Related work summary:

  1. The first paragraph: Application of Transformer in the field of NLP: BERT, GPT
  2. The second paragraph: the application of self-attention in the field of vision, in order to solve the "dimension explosion problem", some methods proposed in the past are listed.
  3. The third paragraph: introduces the model of Cordonnier et al. (2020), which is very similar to VIT, but the training scale is not large enough.
  4. Fourth paragraph: point out that there is still a lot of to combine convolutional neural networks and self-attention, covering detection, classification, video processing, multi-modality, etc.
  5. Fifth paragraph: Another similar work: image GPT, GPT is a generative model of NLP, unsupervised pre-training, ImageNet accuracy rate is 72%.
  6. Paragraph 6: VIT focuses on the two data sets of ImageNet-21k and JFT-300M, using Transformers.

7. Method

In terms of model design, we follow the original Transformer design as much as possible. One advantage of this intention to simplify the setup is to make NLP Transformer architectures scalable, and their efficient implementation works almost out of the box.

 Figure 1: Model overview, we divide the picture into fixed-size blocks and encode them linearly, add them to the positional encoding, and then load the results with vector sequences into the standard Transformer encoder. In order to perform classification, we Adds an additional learnable "class label" method on sequences using the standard one. The diagram of the Transformer encoder is inspired by Vaswani et al. (2017).

7.1 Vision Transformer (VIT)

Paper translation:

  • Figure 1 is an overview of the model. The input of the standard Transformer is a 1D token encoding sequence. In order to process 2D images, we change the shape of the image x\in \mathbb R^{H*W*C}into a sequence of planar 2D image blocks x_p \in \mathbb R^{N*(P^2*C)}, where (H, W) is the resolution of the original image, C is the number of channels, (P, P) the number of each pixel block Resolution N = HW/P^2is the number of image blocks, and it is also used as the effective input sequence length of Transformer. Transformer uses a fixed vector size D in all its layers. Hence i, we flatten the patch of pixels and map it into D dimension using a trainable linear projection (Eq. 1). We take the output of this projection as an encoding of pixel blocks.
  • Similar to BERT's [class]token, we prepend a learnable encoding ( ) on the sequence of encoded image blocks , which is used as the image y (Eq. 4) z^0_0 = x_{class}in the state of the Transformer encoder output ( ). z^0_LAssigned as a classification head during pre-training and fine-tuning z^0_L, the classification head is implemented by an MLP with one hidden layer during pre-training and a single linear layer during fine-tuning.
  • Position coding is added to image block coding to preserve position information. We use standard learnable 1D positional encodings because we do not see significant performance gains from advanced 2D positional encodings (Appendix D.4). The resulting sequence of embedding vectors serves as the input to the encoder.
  • The Transformer encoder is composed of alternating multi-head self-attention and MLP blocks . Layer normalization (LN) is applied before each block and residual connections are used after each block. The MLP consists of two layers with nonlinear GELU.

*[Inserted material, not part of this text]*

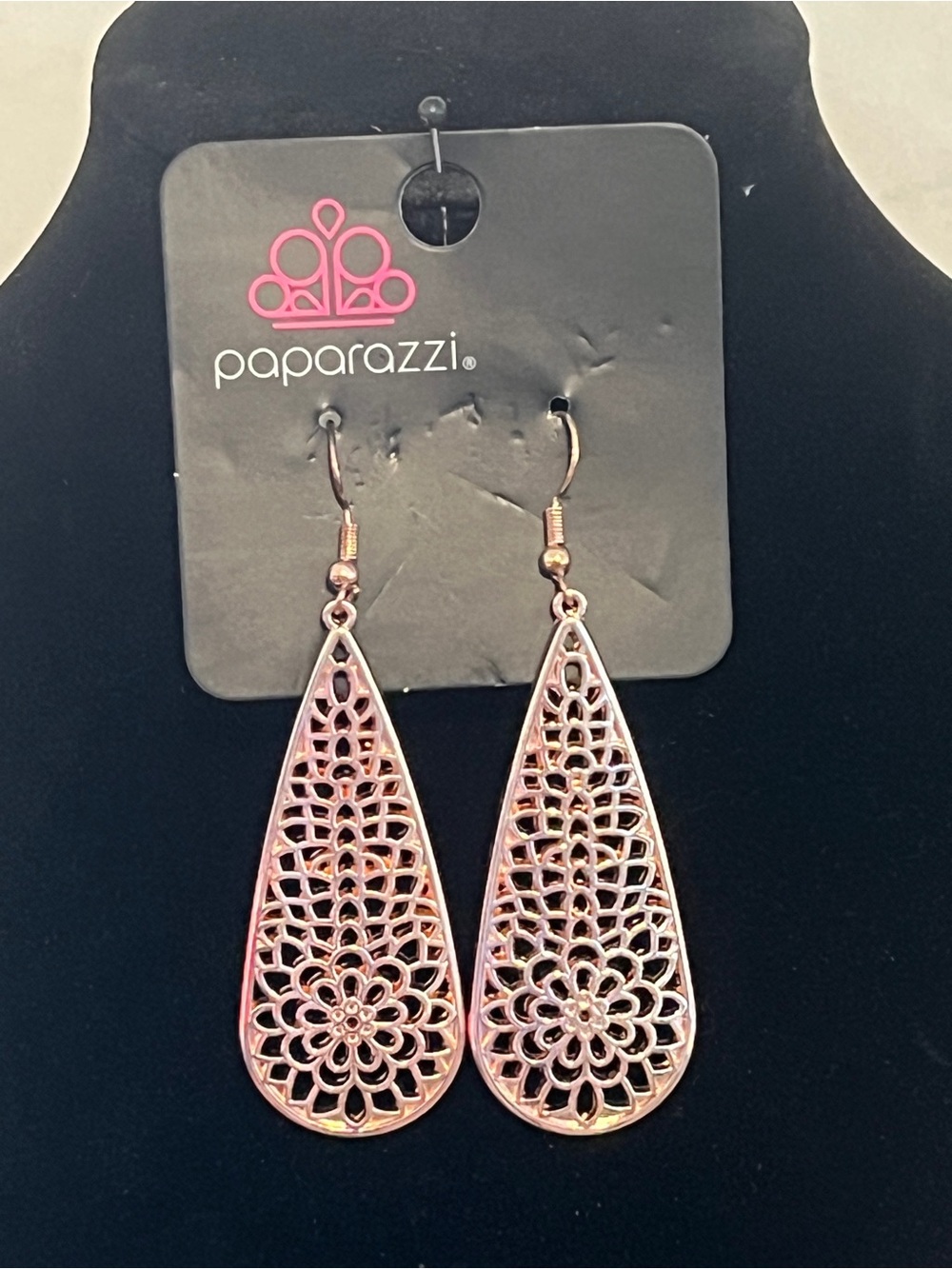 Paparazzi Rose Gold Filigree Teardrop Dangle Earrings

  • Inductive bias: We note that Vision Transformer (ViT) has a smaller inductive bias for images than CNNs. In CNNs, locality, 2D neighborhood structure, and translation invariance pervade every layer throughout the network. In ViT, only the MLP layer is locally shared and translation invariant while the self-attention layer is global . The two-dimensional neighborhood structure is rarely used: at the beginning of the model, the image is cropped into image blocks. Adjust the position embedding (described below) for images with different pixels during fine-tuning. Apart from these, positional embeddings are initialized without carrying the 2D location information of image patches, and all spatial relationships between image patches have to be learned from scratch.
  • Hybrid architectures: As an alternative to raw image patches, an input sequence can be formed from the feature maps of a CNN (LeCun et al., 1989). In this hybrid model, the patch embedding projection E (Equation 1) is applied to the patch extracted from the CNN feature map. As a special case, the spatial size of the image patch can be 1x1, which means that the input sequence is obtained by simply flattening the spatial dimension of the feature map and projecting to the Transformer dimension. Categorical input embeddings and positional embeddings are added as described above.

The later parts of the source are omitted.